Kein signifikanter Vorteil im Stadium IV
In der Intent-to-Treat-Analyse war der Prüfarm der Kontrolle in Bezug auf das ereignisfreie Überleben (EFS) nach drei Jahren mit 92,1 % vs. 82,5 % überlegen (HR 0,41; p = 0,0002). Die kumulative Rezidivinzidenz betrug 7,5 % vs. 17,1 % (p = 0,0003).
Der EFS-Vorteil durch Brentuximab-Vedotin war weitestgehend unabhängig von Stadium, B-Symptomatik oder Bulky Disease. Lediglich Personen im Stadium IV schienen nicht signifikant zu profitieren.
Die EFS-Ergebnisse zum Zeitpunkt der Interim-PET-Analyse bezeichnete die Referentin als „bemerkenswert“: Kinder und Jugendliche in Prüf- vs. Kontrollgruppe, die im PET eine langsam ansprechende Läsion aufwiesen, erreichten ein Drei-Jahres-EFS von 90,7 % vs. 68,3 % (HR 0,28). Die Expertin bezifferte die Raten der PET-negativen Patient:innen mit 92,3 % vs. 85,7 % (HR 0,48). Die Therapie wurde gut vertragen.

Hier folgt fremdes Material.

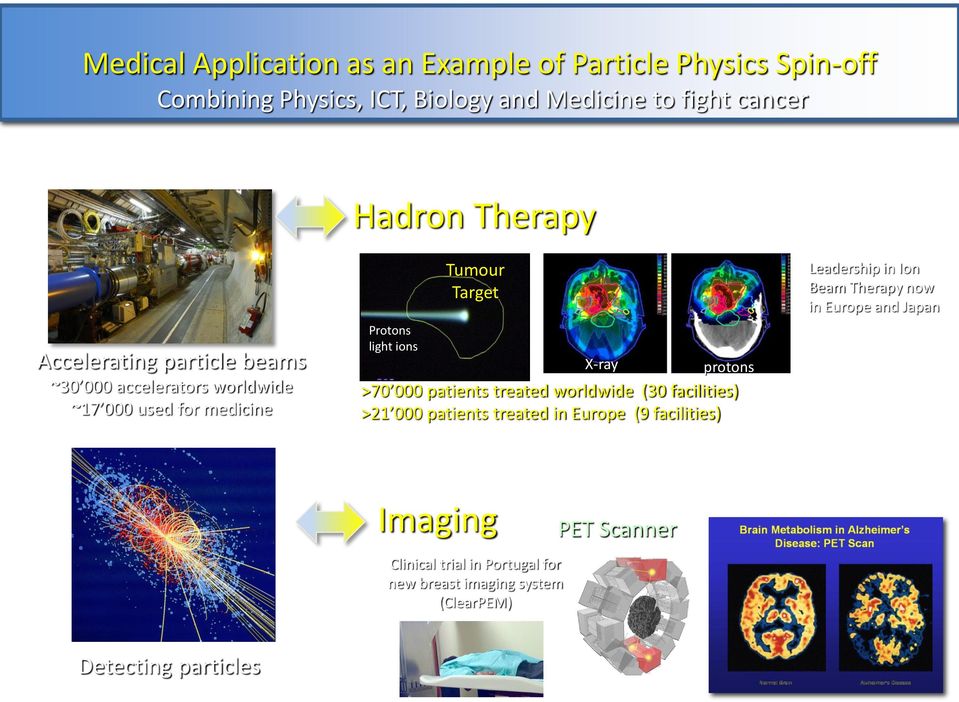 protons >70 000 patients treated worldwide (30 facilities) >21 000 patients treated in Europe (9 facilities) Leadership in Ion Beam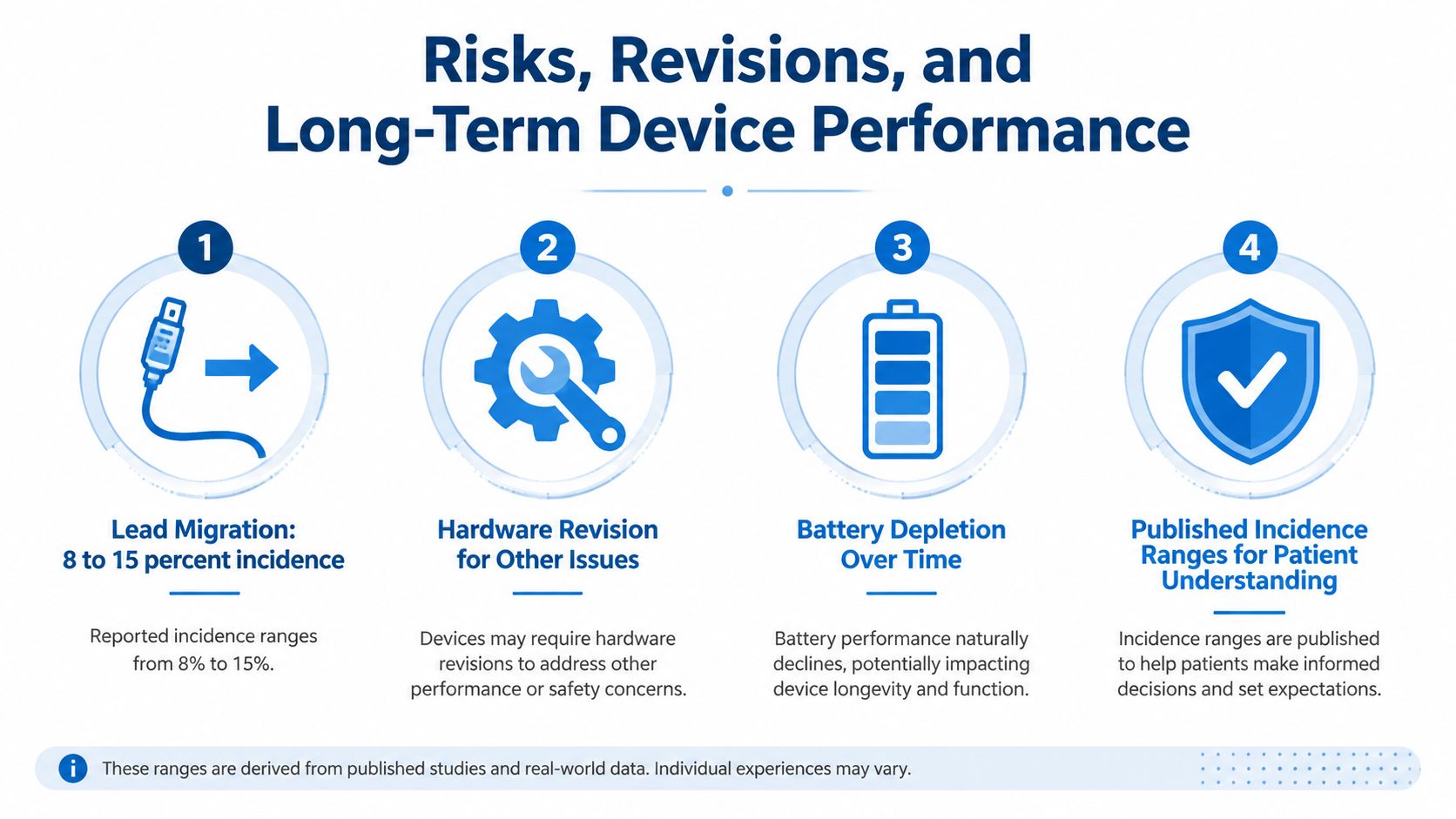 An infographic detailing risks like lead migration, hardware revisions, and battery depletion in medical devices for patients.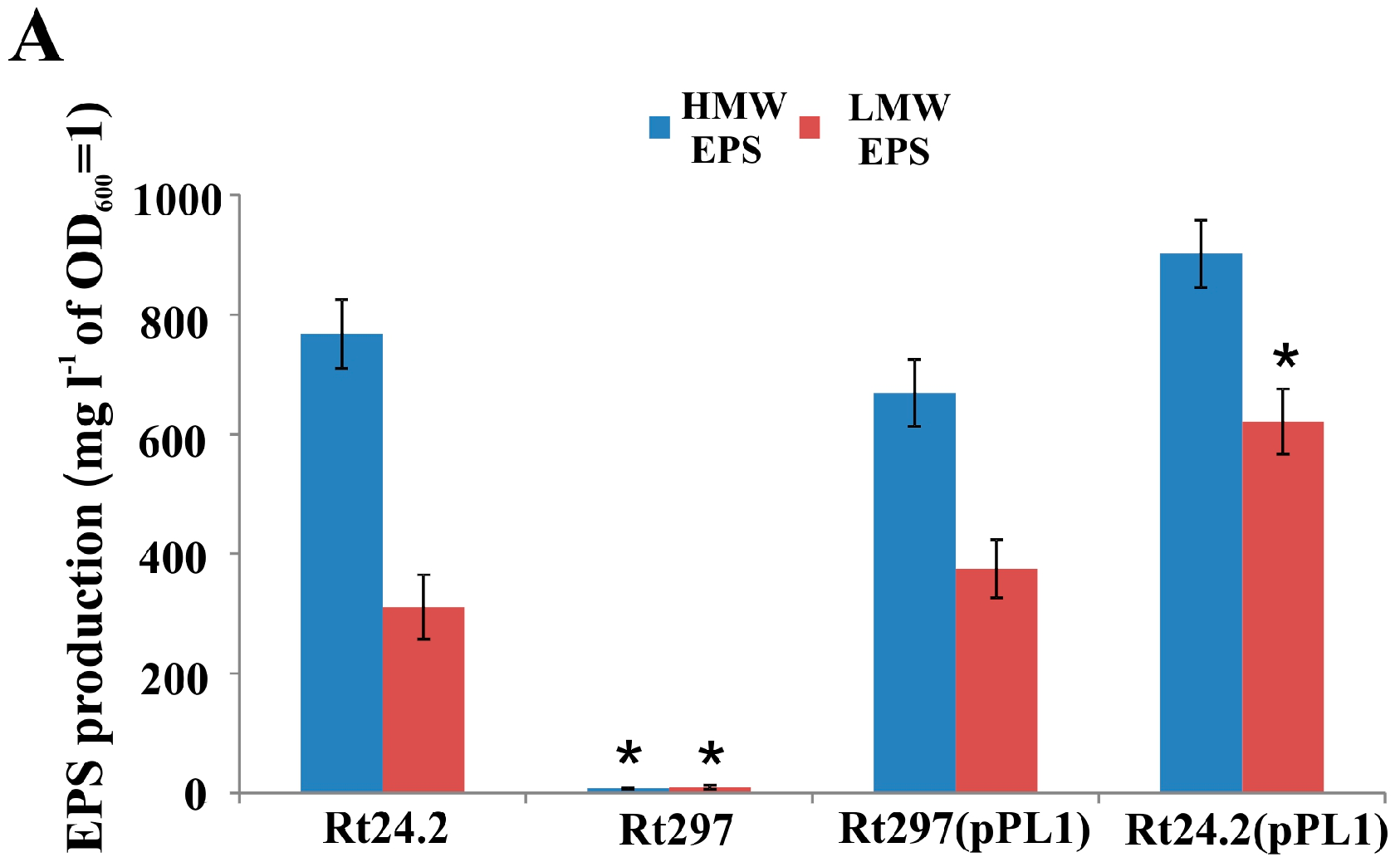 Genes 09 00369 g004a Genes 09 00369 g004a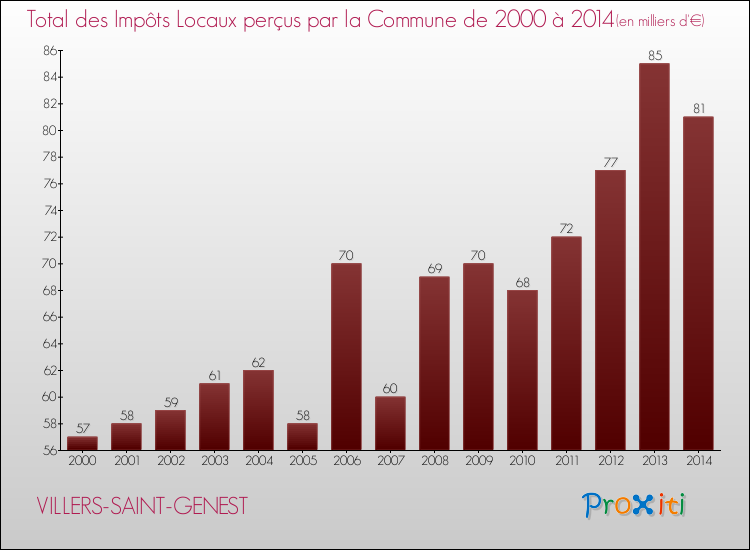 Evolution des Impôts Locaux pour la commune de VILLERS-SAINT-GENEST de 2000 à 2014 Evolution des Impôts Locaux pour VILLERS-SAINT-GENEST de 2000 à 2014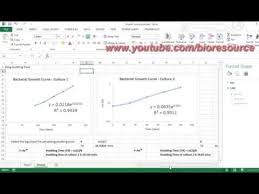 Calculating Bacterial Doubling Time In Excel In 2020 Excel Calculator Map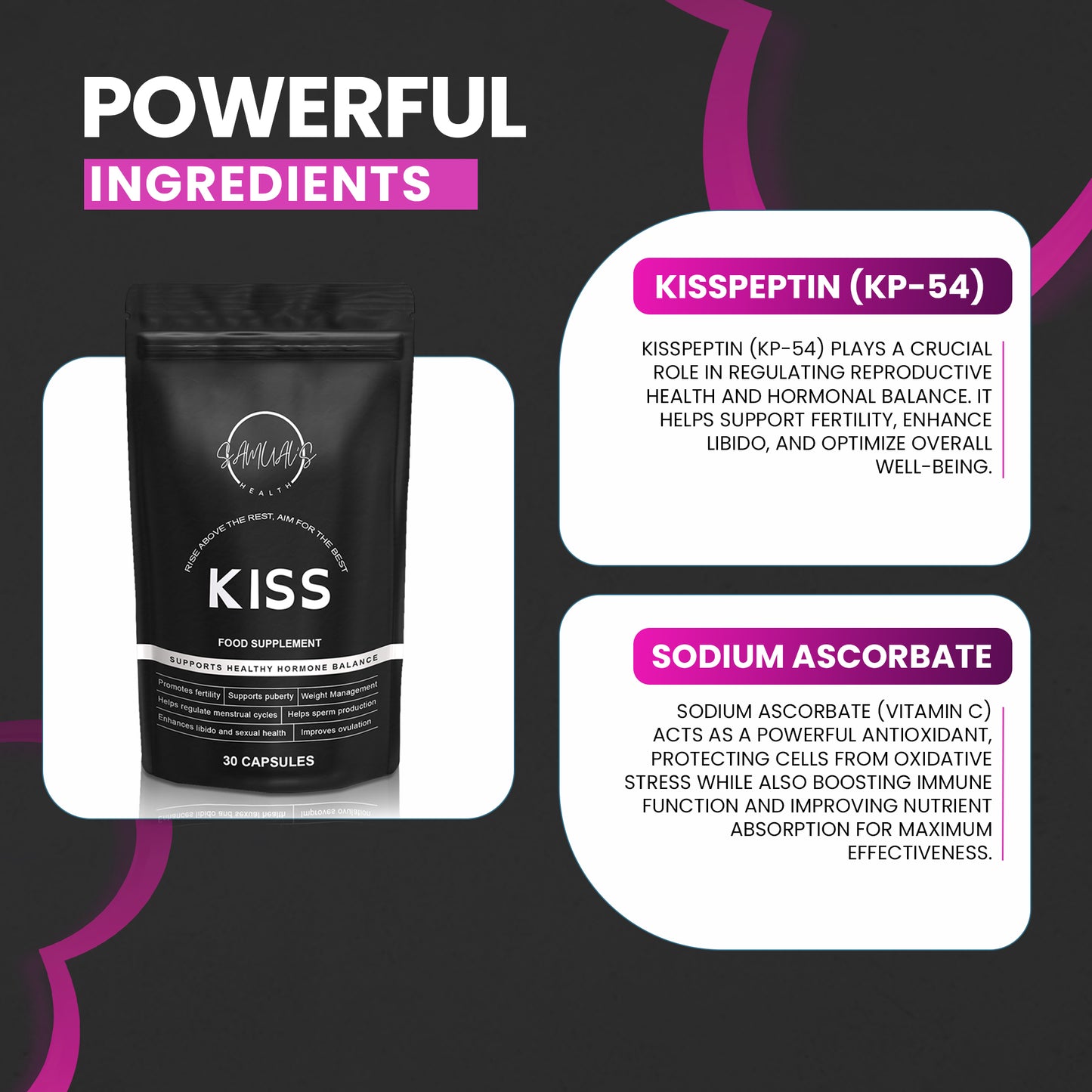 Samuals - Kisspeptin Peptide Capsules
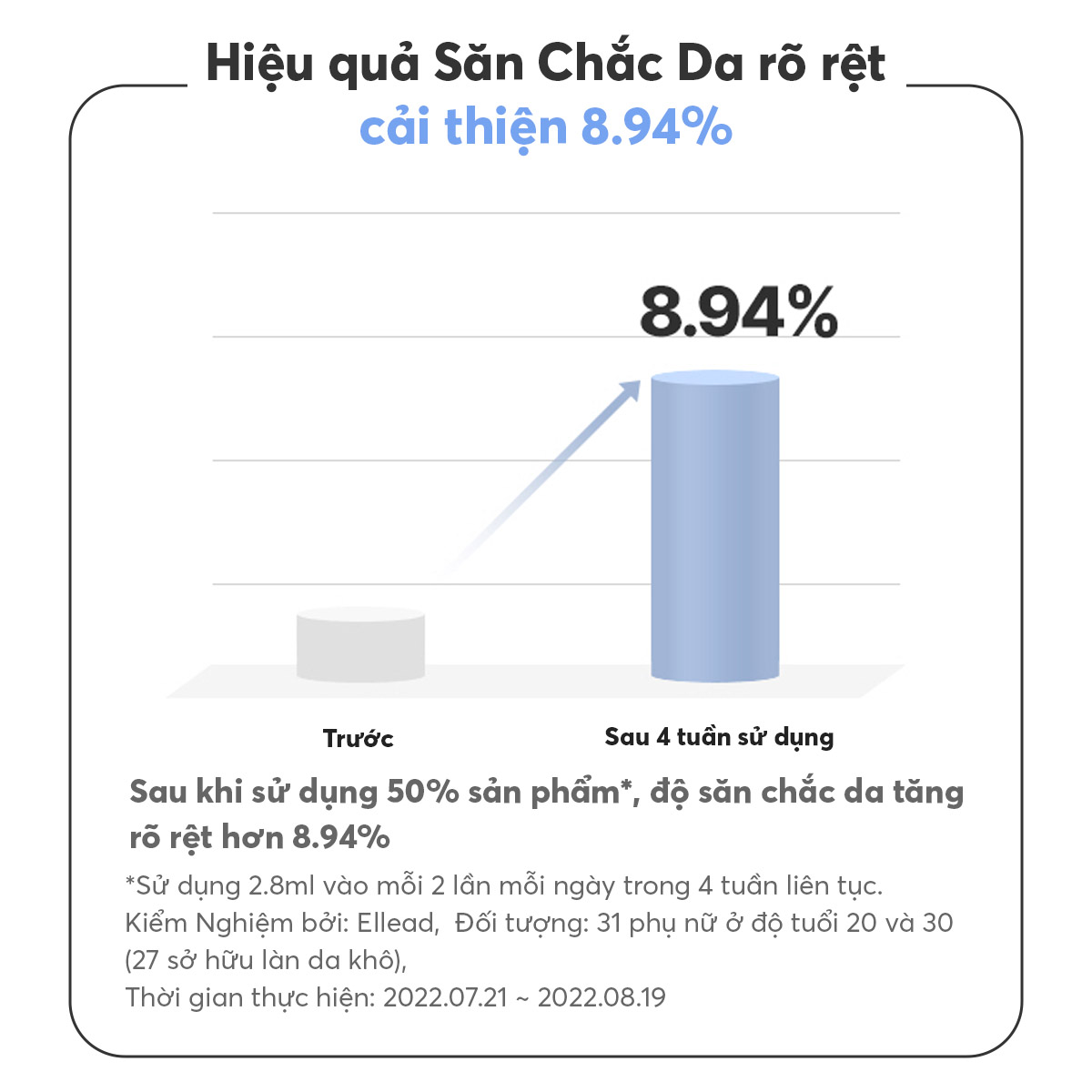 [Made in Korea] [Phiên bản trải nghiệm] Nước Cân Bằng Dưỡng Ẩm Creamskin Cerapeptide Refiner Laneige 50ml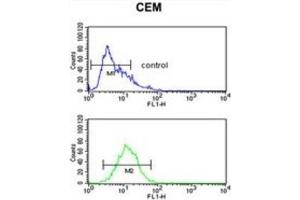 Flow Cytometry (FACS) image for anti-Hemopexin (HPX) antibody (ABIN3002733)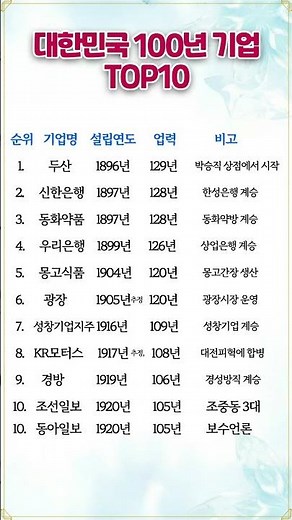#100년기업 #대한민국기업 #두산 #신한은행 #동화약품 #우리은행 #몽고식품 #한국역사 #국내브랜드 #기업이야기 #경제이슈 #Shorts#Viral #브랜드스토리 #장수기업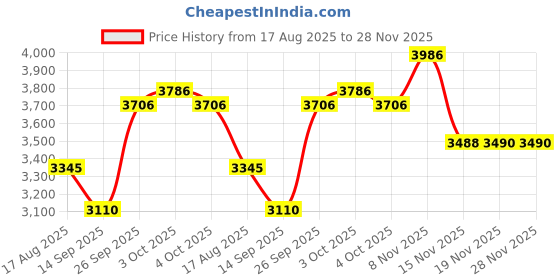 flipkart.com moro CUBIX Western Toilet Premium S Trap Commode for Bathroom| Anti-Bacterial Glazed White Western Commode Western Commode moro Price History Graph from 17 Aug 2025 to 27 Nov 2025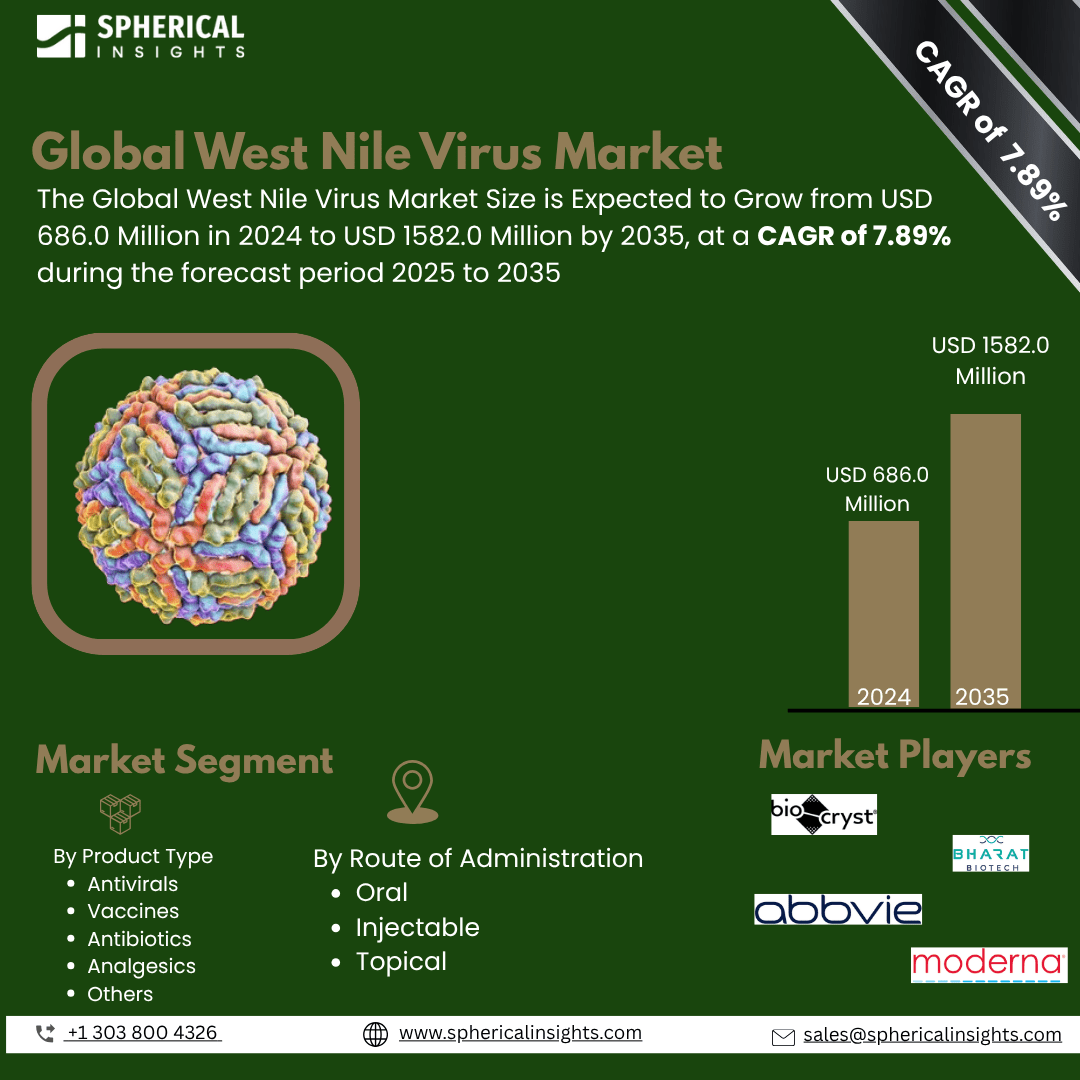  Global West Nile Virus Market  Size To Exceed  USD 1582.0 Million by 2035 | CAGR of 7.89%: Market Study Report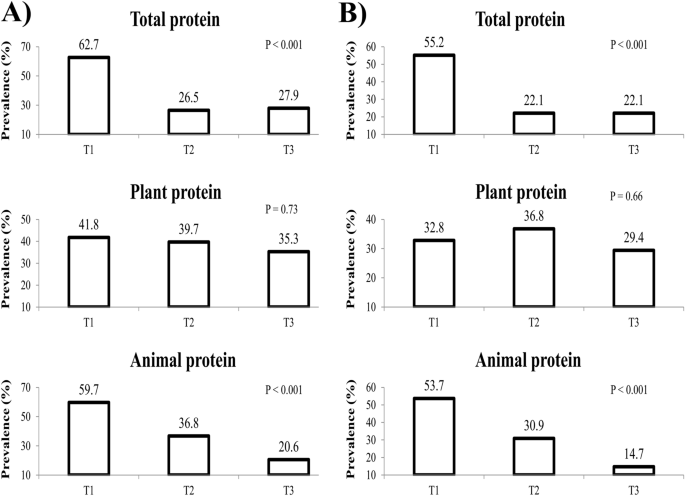 Dietary total, plant and animal protein intake in relation to metabolic  health status in overweight and obese adolescents | Scientific Reports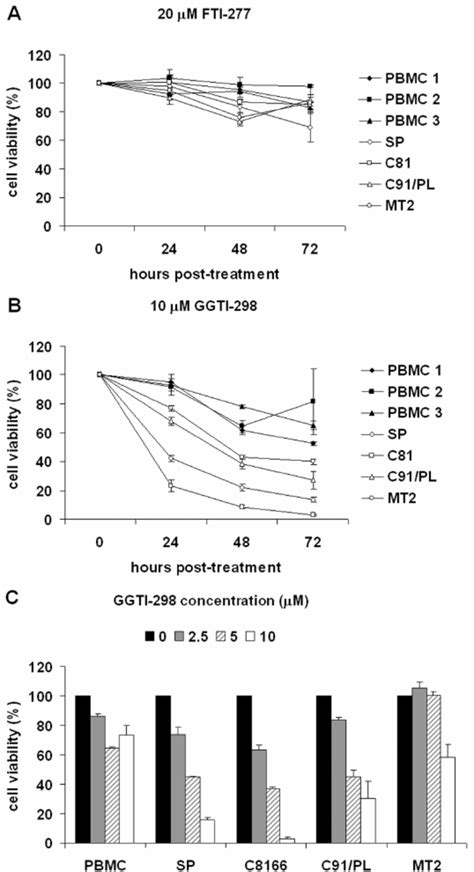 Ggti 298 Decreases Cell Viability Of Human T Cell Leukemia Virus Type 1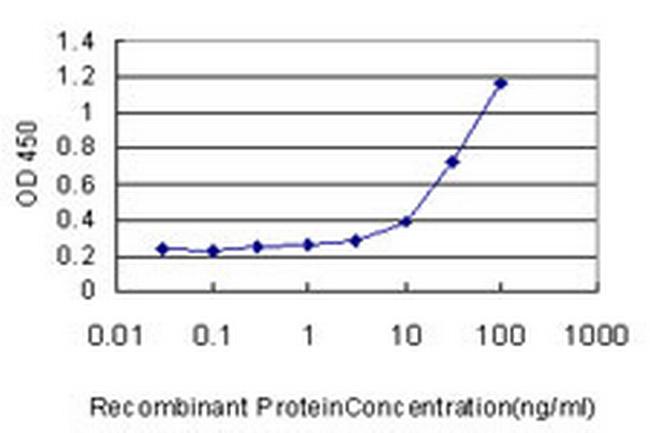 ZNF394 Antibody in ELISA (ELISA)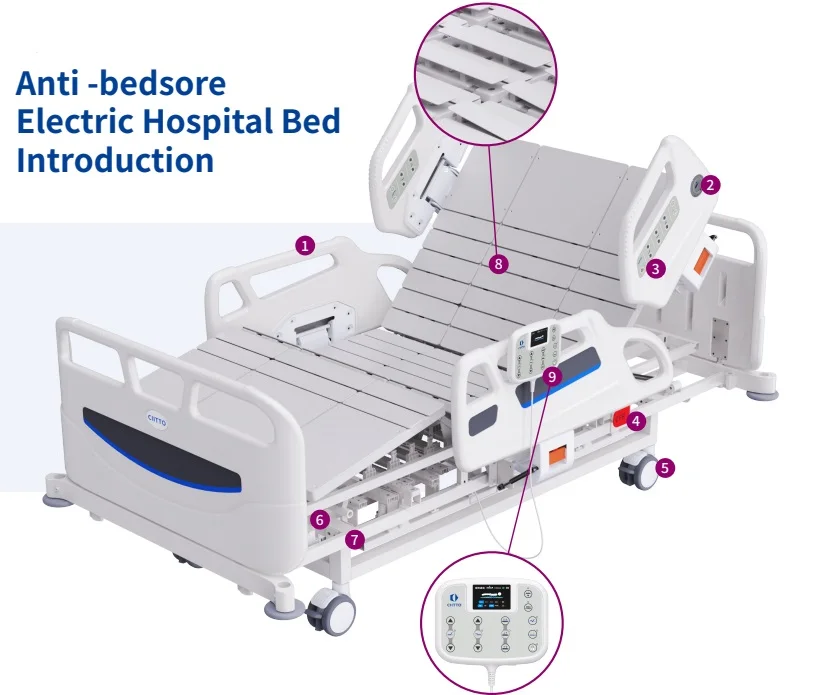 bedsore prevention hospital nursing bed for patients-58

PET-Analyse ohne prognostische Relevanz
AHOD1331 sei die erste randomisierte Phase-3-Studie, in der Brentuximab-Vedotin bei Kindern und Jugendlichen mit Hodgkin-Lymphom geprüft wurde, fasste Prof. Castellino zusammen. Die Interim-PET-Analyse scheint zumindest für die Prüfkombination keine prognostische Relevanz zu haben. Brentuximab-Vedotin plus AVE-PC sei ein neuer Standard für die Frontline-Therapie von pädiatrischen Hochrisiko-Erkrankten mit klassischem Hodgkin-Lymphom.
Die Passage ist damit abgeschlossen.